RBI MPC Meeting Decision: The Reserve Bank of India (RBI) has unanimously decided to keep the policy repo rate unchanged at 5.25 percent.
RBI MPC Meeting Decision: RBI Governor Sanjay Malhotra said that the Monetary Policy Committee (MPC) has unanimously decided to keep the policy repo rate unchanged at 5.25 percent. The Governor said that despite global shocks, retail inflation (CPI) in the country remains below the target as its impact on domestic prices has been limited. However, according to baseline estimates, overall inflation may move towards the upper tolerance limit in the third quarter (Q3) of the current financial year.
West Asia tensions impact global economy
RBI Governor Malhotra stated that ongoing geopolitical tensions in West Asia have cast a shadow over the global economic outlook. Rapidly rising energy prices and supply chain disruptions worldwide have severely impacted economic activity. For the past few months, the global economy has been grappling with uncertainty, disruptions in trade routes, supply chain disruptions, increased market volatility, and cautiousness among businesses. However, this time the Indian economy is not as weak as it was last time.
“First, I want to make it clear that the Indian economy enters this global turmoil with much better fundamentals than in previous periods. We are fully prepared and confident to weather these shocks with minimal damage,” he said.

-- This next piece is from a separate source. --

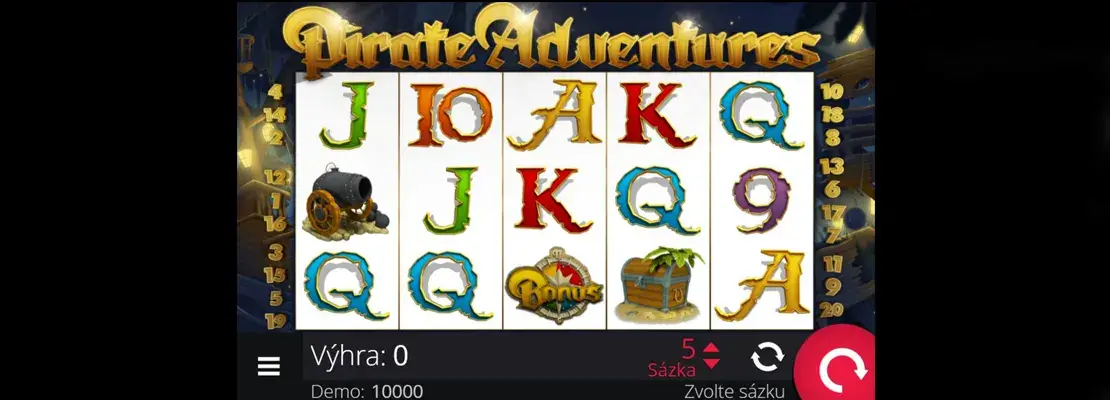 Spil Pirates Adventures gratis i demotilstand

CPI inflation below target
The Reserve Bank of India stated that CPI inflation remains below target despite global shocks, as their impact on domestic prices has been limited. However, baseline estimates suggest overall inflation may rise towards the upper tolerance limit in the third quarter (Q3) of this year. The impact of the supply shock is expected to ease from the fourth quarter (Q4). Currently, underlying inflation pressures remain moderate. However, second-round effects are expected to spread inflation, impacting public expectations and wages, and therefore, will need to be closely monitored. The future outlook is unclear due to the Meteorological Department’s forecast of a sub-normal southwest monsoon and the EI Nino risk.
RBI GDP growth estimates
The Reserve Bank of India (RBI) has lowered its economic growth (real GDP) forecast for the country for the fiscal year 2026-27 (FY27) from 6.9% previously to 6.6%.
Q1 FY27 (April-June 2026): 6.6% (earlier 6.8%)
Q2 FY27 (July-September): 6.3% (earlier 6.7%)
Q3 FY27 (October-December): 6.5% (earlier 7%)
Q4 FY27(January-March 2027): 6.8% (earlier 7.2%)
The Reserve Bank of India’s Monetary Policy Committee (MPC) has raised its CPI inflation forecast for fiscal year 2026-27 (FY27). It was previously projected at 4.6% and has now been revised to 5.1%. This increase is primarily due to higher prices of commercial LPG, base metals, plastics, rubber, and other essential commodities.
Inflation forecast increased
The Reserve Bank of India’s Monetary Policy Committee (MPC) has raised its CPI inflation forecast for fiscal year 2026-27 (FY27) to 5.1% from 4.6% previously. This increase is primarily due to higher prices of commercial LPG, base metals, plastics, rubber, and other essential commodities.
Quarterly Estimates
Q1 FY27 (April-June): raised from 4.0% to 4.2%
Q2 FY27 (July-September): raised from 4.4% to 5.1%
Q3 FY27 (October-December): raised to 5.9% from 5.2%
Q4 FY27 (January-March): increased from 4.7% to 5.4%
The RBI is now maintaining a cautious stance to keep inflation under control. The public may see an impact, particularly on fuel and daily necessities. The government and the RBI are jointly taking measures to control prices.
Expert opinion on RBI’s decision
Sandeep Aggarwal, CEO and CIO of Modulus Alternatives, said, “The MPC’s decision demonstrates the RBI’s commitment to maintaining the right balance between growth, inflation, and financial stability in this environment of global uncertainty. By maintaining policy flexibility and keeping interest rates unchanged, the central bank has expressed confidence in India’s growth trajectory, while remaining vigilant about external risks. The measures announced today continue to support economic activity and liquidity, ensuring productive sectors remain adequately funded despite global turmoil. Policy stability is particularly good news for private credit. As traditional banks have become more selective, private credit is increasingly filling the funding gap for well-established businesses.”